*** Raw data Section Begins ***

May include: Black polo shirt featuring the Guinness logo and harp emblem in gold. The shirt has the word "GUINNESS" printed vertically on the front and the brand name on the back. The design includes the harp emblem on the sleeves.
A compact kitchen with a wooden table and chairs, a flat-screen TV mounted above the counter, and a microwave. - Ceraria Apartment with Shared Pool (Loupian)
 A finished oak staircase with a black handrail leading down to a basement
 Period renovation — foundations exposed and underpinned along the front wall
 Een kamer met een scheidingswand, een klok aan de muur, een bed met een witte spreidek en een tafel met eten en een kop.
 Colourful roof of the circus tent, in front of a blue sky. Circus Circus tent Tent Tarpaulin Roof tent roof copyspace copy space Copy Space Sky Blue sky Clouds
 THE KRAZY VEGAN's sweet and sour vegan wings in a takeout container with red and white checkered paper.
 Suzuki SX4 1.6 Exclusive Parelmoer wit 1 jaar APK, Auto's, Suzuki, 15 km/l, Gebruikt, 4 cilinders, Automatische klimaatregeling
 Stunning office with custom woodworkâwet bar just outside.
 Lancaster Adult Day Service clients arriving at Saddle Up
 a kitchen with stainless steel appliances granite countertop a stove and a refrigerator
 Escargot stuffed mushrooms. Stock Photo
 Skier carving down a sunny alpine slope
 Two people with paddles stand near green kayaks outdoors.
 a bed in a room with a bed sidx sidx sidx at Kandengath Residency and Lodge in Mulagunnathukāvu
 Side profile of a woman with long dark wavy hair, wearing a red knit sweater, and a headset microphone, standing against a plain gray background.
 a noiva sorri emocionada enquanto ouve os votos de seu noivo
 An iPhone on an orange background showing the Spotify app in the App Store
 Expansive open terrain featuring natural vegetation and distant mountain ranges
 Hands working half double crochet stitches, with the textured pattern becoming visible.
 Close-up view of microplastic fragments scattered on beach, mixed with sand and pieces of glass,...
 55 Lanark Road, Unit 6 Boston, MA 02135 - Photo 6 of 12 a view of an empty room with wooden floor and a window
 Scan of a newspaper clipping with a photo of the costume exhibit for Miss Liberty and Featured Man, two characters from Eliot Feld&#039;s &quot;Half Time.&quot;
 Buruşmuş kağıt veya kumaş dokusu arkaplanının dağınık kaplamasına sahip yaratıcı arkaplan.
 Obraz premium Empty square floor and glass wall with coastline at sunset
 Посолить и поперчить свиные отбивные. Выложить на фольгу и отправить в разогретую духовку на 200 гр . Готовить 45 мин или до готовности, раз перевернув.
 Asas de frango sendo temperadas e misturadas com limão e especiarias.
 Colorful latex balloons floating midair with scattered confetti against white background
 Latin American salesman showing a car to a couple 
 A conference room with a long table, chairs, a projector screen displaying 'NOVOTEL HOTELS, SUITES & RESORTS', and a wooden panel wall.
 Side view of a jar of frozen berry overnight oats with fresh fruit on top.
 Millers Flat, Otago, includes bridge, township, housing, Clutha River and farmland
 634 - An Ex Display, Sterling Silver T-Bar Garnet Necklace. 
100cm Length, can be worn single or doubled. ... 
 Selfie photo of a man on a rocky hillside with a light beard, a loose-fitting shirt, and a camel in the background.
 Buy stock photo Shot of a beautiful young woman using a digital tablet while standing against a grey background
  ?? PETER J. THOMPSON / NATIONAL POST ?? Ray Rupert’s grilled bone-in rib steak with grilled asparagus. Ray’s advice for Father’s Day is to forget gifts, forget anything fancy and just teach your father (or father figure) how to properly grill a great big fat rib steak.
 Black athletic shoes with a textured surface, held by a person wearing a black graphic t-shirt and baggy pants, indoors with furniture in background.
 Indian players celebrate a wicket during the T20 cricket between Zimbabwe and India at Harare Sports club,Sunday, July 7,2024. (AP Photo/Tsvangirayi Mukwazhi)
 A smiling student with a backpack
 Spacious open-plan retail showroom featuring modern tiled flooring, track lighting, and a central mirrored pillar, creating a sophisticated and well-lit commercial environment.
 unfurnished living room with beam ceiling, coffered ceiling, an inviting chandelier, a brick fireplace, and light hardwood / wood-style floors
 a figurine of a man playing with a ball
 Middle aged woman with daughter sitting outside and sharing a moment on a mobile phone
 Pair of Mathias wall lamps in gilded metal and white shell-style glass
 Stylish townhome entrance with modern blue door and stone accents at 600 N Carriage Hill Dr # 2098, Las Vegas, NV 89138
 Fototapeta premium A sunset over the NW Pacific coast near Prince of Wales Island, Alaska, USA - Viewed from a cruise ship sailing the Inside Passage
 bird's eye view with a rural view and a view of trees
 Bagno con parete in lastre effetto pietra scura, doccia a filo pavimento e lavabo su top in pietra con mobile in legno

*** Raw data Section Ends ***

What to do:
Which lines in the records above include the word "background"? Copy them out.

Exercise response:
 Side profile of a woman with long dark wavy hair, wearing a red knit sweater, and a headset microphone, standing against a plain gray background.
 An iPhone on an orange background showing the Spotify app in the App Store
 Colorful latex balloons floating midair with scattered confetti against white background
 Selfie photo of a man on a rocky hillside with a light beard, a loose-fitting shirt, and a camel in the background.
 Buy stock photo Shot of a beautiful young woman using a digital tablet while standing against a grey background
 Black athletic shoes with a textured surface, held by a person wearing a black graphic t-shirt and baggy pants, indoors with furniture in background.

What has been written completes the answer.